- Cover of the single released in Belgium

Single by Dave Dee, Dozy, Beaky, Mick & Tich

from the album Together
- B-side: "Bora Bora"
- Released: 2 May 1969
- Recorded: 15 April 1969
- Studio: Philips (London)
- Genre: Pop rock
- Length: 3:05
- Label: Fontana
- Songwriter(s): Ken Howard; Alan Blaikley;
- Producer(s): Steve Rowland

Dave Dee, Dozy, Beaky, Mick & Tich singles chronology
| "Don Juan" (1969) | "Snake in the Grass" (1969) | "Tonight Today" (1969) |

= Snake in the Grass (song) =

1969 single by Dave Dee, Dozy, Beaky, Mick & Tich

"Snake in the Grass" is a song by Dave Dee, Dozy, Beaky, Mick & Tich, released as a single in May 1969. Like with the previous single, "Don Juan", it peaked at number 23 on the UK Singles Chart.

==Release and reception==
"Snake in the Grass" was the group's last single before the departure of Dave Dee in September 1969, after which the remaining members performed as D.B.M. & T.

Reviewing for Record Mirror, Peter Jones described "Snake in the Grass" as "somewhat of a less ambitious sort of production for the consistent team.
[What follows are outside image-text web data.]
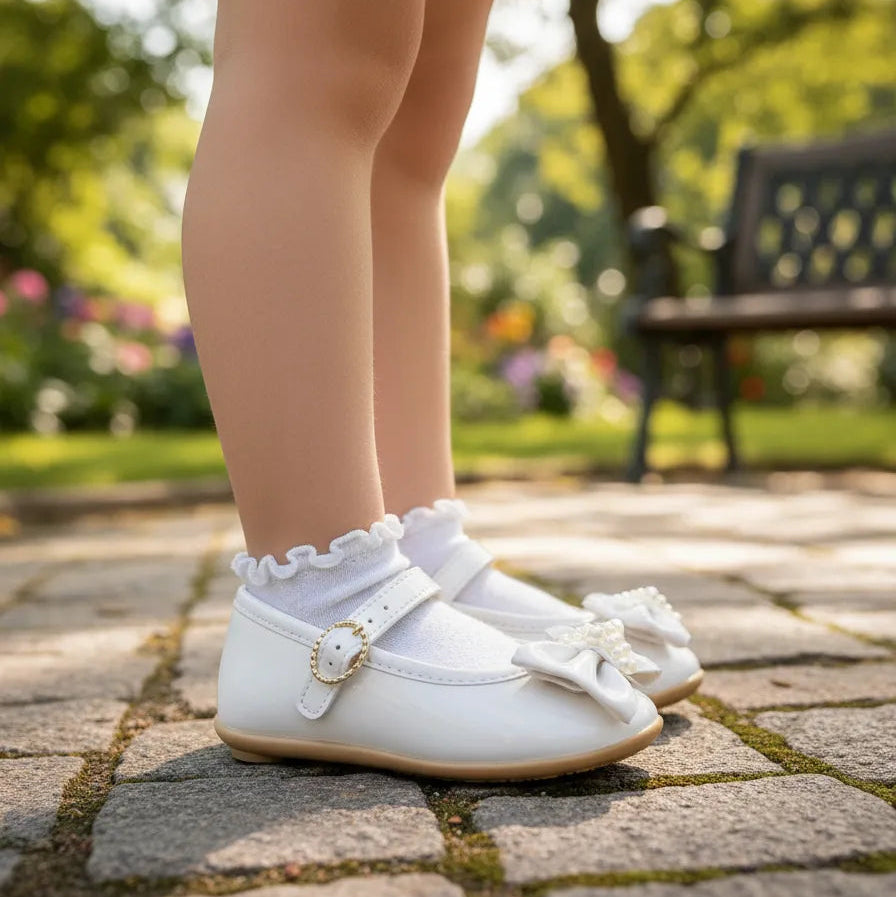 Sapatilha Pimpolho Verniz Branco com Laço e Pérolas – Elegância para os Primeiros Passos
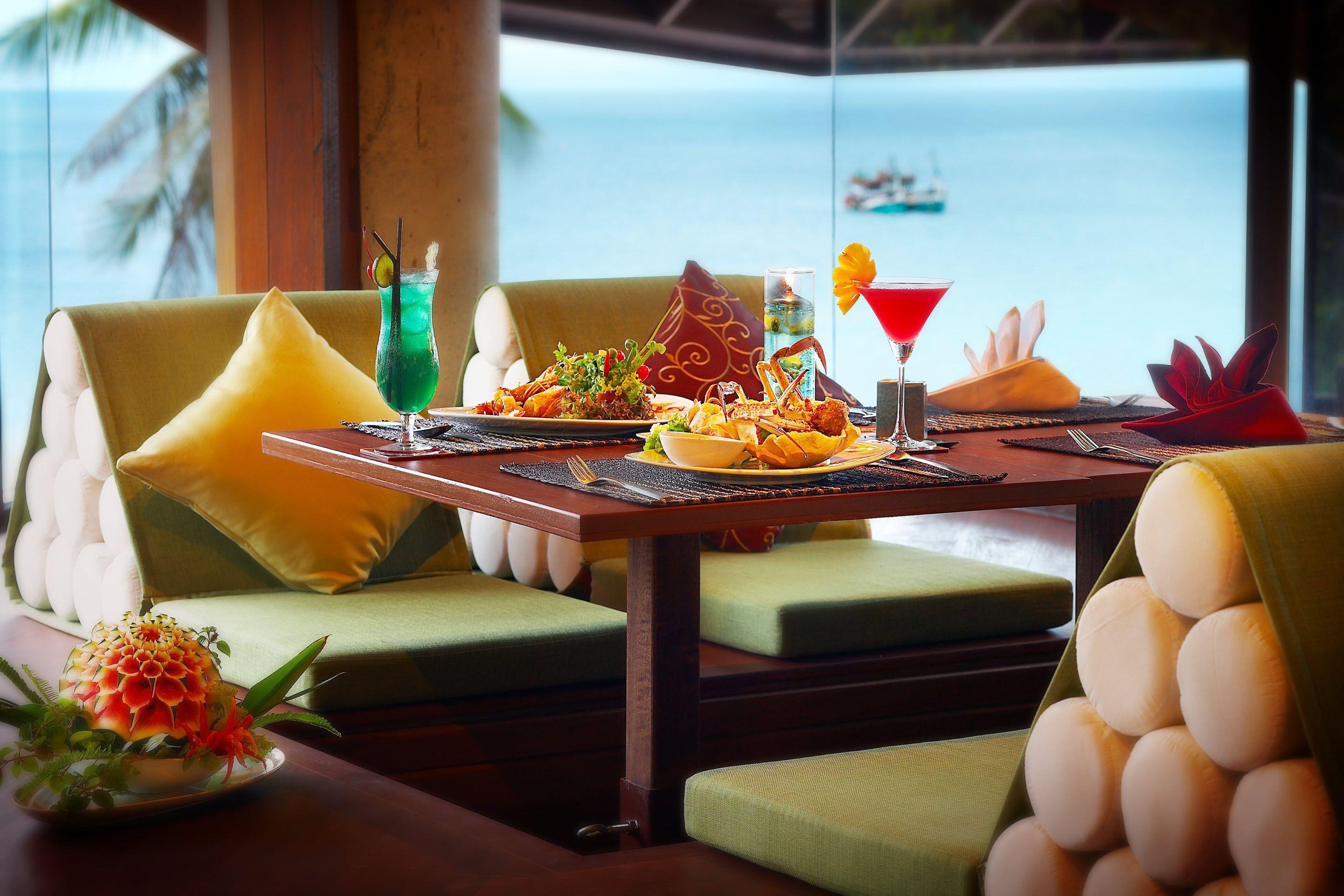 A dining table set with a variety of dishes, drinks, and a view of the ocean.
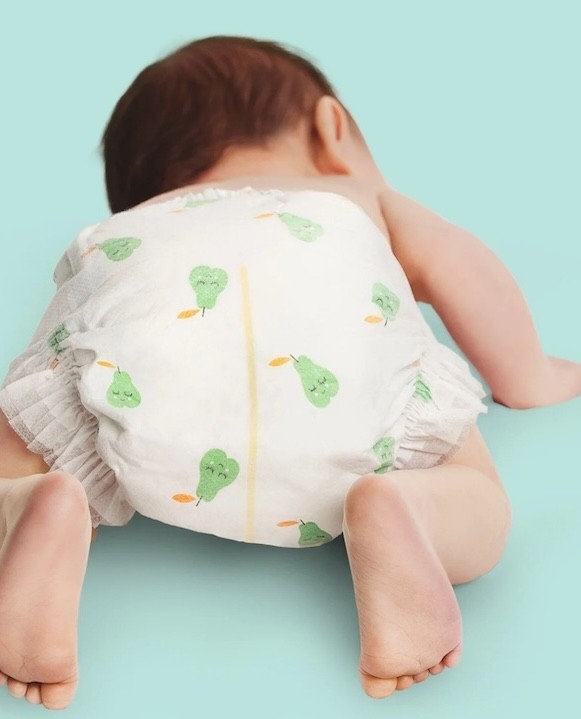 a baby in tooshies nappies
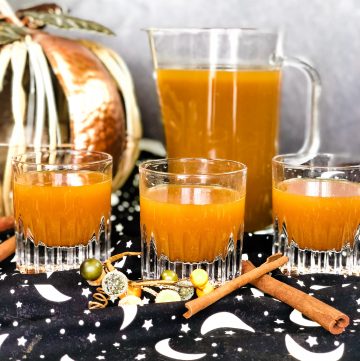 pumpkin drink in picture with three filled glasses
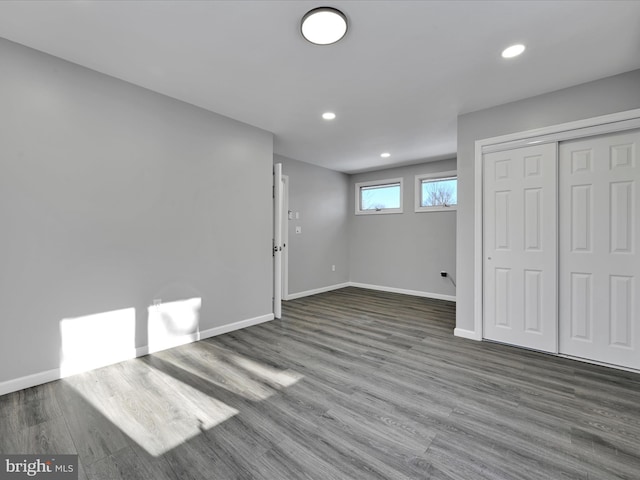 basement with recessed lighting, wood finished floors, and baseboards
But it's extremely catchy in a lilting, fast-paced way" and that "though there is less happening in the arrangement, this stands out as one of their most directly commercial numbers ever". For New Musical Express, Derek Johnson described the song as a "complete contrast from their recent releases – a light and fluffy number, with a suggestion of a rocksteady beat.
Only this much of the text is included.